& Child Health



Water, Sanitation
& Hygiene

Misean Cara supported 53 health projects in 2020,
through 28 members in 16 countries, serving a total
of 643,228 people.

For our members working to uphold the right to better health, clean water and sanitation, the pandemic shifted the focus in 2020 to adapting to the impact of COVID-19. Living and working side-by-side with the people and communities they work with, our members were able to rapidly assess what kind of an impact the virus might have.

Projects were adapted quickly to get accurate information out about the virus and how to keep it from spreading. Members provided Personal Protective Equipment (PPE) and medication, training to project health staff, and developed innovative equipment to increase simple interventions such as handwashing and the making of masks.

Our members also observed that secondary effects of the pandemic were quickly emerging, including hunger, a rise in mental health issues and sexual and gender-based violence. More information about how our members responded to these pandemic-related challenges can be found on pages 20 and 21 of this report.
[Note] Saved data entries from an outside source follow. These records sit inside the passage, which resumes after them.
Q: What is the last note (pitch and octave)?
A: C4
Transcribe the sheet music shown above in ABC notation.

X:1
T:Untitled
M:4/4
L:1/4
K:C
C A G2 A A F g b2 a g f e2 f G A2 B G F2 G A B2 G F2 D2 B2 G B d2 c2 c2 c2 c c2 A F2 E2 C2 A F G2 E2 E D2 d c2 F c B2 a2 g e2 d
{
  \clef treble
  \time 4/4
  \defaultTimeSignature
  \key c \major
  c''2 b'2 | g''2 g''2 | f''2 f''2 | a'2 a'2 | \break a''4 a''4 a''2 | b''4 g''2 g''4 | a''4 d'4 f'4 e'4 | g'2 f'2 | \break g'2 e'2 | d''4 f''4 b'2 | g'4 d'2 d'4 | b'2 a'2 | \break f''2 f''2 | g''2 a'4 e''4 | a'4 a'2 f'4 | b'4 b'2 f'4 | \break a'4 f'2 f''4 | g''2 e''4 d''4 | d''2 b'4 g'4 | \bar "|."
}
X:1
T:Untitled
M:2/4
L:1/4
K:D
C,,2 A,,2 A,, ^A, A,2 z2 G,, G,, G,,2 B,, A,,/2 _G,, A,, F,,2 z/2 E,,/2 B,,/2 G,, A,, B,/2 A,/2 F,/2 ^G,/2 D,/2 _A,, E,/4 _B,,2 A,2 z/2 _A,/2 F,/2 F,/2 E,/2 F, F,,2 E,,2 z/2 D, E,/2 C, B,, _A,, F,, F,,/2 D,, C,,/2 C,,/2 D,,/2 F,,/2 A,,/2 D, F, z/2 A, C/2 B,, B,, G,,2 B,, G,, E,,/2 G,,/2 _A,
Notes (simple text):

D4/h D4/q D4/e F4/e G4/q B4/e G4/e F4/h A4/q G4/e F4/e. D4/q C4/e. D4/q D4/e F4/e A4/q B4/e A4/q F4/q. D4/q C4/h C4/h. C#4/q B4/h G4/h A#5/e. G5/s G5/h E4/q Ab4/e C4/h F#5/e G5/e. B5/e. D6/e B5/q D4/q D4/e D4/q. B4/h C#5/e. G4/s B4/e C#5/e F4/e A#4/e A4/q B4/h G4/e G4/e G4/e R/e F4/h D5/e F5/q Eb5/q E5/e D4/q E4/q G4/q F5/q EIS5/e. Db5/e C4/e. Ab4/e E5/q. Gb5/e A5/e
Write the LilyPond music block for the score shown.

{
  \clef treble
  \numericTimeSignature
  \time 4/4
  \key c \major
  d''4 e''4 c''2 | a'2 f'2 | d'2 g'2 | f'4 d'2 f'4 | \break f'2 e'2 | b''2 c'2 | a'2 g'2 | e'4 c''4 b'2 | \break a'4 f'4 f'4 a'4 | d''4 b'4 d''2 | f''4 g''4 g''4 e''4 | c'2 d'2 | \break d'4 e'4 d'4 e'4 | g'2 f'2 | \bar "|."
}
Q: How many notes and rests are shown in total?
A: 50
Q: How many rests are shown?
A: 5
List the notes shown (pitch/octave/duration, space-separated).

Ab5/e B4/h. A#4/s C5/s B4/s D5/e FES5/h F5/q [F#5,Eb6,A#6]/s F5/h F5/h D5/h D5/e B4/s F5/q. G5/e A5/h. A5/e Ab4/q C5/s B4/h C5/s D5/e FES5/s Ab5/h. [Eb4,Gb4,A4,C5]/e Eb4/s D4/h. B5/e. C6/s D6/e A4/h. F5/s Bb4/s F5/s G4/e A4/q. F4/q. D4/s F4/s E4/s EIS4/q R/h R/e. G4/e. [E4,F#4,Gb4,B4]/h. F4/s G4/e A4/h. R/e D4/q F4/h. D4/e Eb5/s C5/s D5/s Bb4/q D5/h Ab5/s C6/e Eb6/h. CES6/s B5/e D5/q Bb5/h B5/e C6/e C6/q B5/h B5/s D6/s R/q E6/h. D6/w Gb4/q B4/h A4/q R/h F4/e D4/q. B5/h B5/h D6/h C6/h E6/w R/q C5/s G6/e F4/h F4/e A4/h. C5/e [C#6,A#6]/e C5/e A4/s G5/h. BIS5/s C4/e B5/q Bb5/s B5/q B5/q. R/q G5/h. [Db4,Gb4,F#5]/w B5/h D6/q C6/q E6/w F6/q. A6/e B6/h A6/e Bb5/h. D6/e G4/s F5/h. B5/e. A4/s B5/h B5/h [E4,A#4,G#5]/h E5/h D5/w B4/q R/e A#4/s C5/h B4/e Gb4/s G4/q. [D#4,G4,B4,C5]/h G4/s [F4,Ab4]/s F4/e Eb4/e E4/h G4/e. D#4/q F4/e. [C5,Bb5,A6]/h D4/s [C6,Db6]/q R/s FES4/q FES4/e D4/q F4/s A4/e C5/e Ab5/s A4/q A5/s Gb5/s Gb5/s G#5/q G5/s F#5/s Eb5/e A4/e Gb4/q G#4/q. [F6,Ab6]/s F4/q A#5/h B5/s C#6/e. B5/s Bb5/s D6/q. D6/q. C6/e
Throughout the year our members also continued with projects to address the general health and well-being of those furthest behind, as well as the challenges around other high-impact public health issues including tuberculosis and HIV & AIDS. Misean Cara members strove to ensure the past progress in improving health outcomes were not lost, or reversed, during the pandemic.

The pandemic also put a spotlight on the importance of access to clean water, sanitation and hygiene in preventing and containing disease; simple acts such as adequate handwashing being one of the cheapest, most effective means of disease prevention. In 2020, Misean Cara members constructed solar pumps and boreholes in South Sudan; improved household sanitation through water harvesting in Kenya; and improved sanitary conditions in remote schools in Zambia.

A number of projects emphasised ways to reduce malnutrition rates, while others improved access to health care for people in remote areas. In 2020, the Church Mission Society Ireland had great success improving childhood weight in Nepal through the production of fortified ‘super-flour’ by local women. In the Philippines, the Notre Dame des Missions Sisters helped strengthen the effectiveness of the local health system by setting up ambulance services to connect rural clinics.

Suad at the Caritas Jerusalem
Health Clinic for geriatric patients.

Photo: Caritas Jerusalem


more accessible
for the elderly
in Gaza

The Gaza Strip, a self-governed Palestinian territory, is one of the most densely populated places on earth, with 2 million people living within 364 sq. kilometres. Most people live in extreme poverty in makeshift refugee camps, with violence and disruptions often a daily occurrence. Because living conditions are far from ideal and many have little access to healthcare and no social security system, older people living in Gaza are at high risk from the effects of non-communicable diseases (NCDs) such as cardiovascular disease, strokes, diabetes, osteoporosis, and visual and hearing problems. Even where health services are available, they are often unaffordable to most people in Gaza.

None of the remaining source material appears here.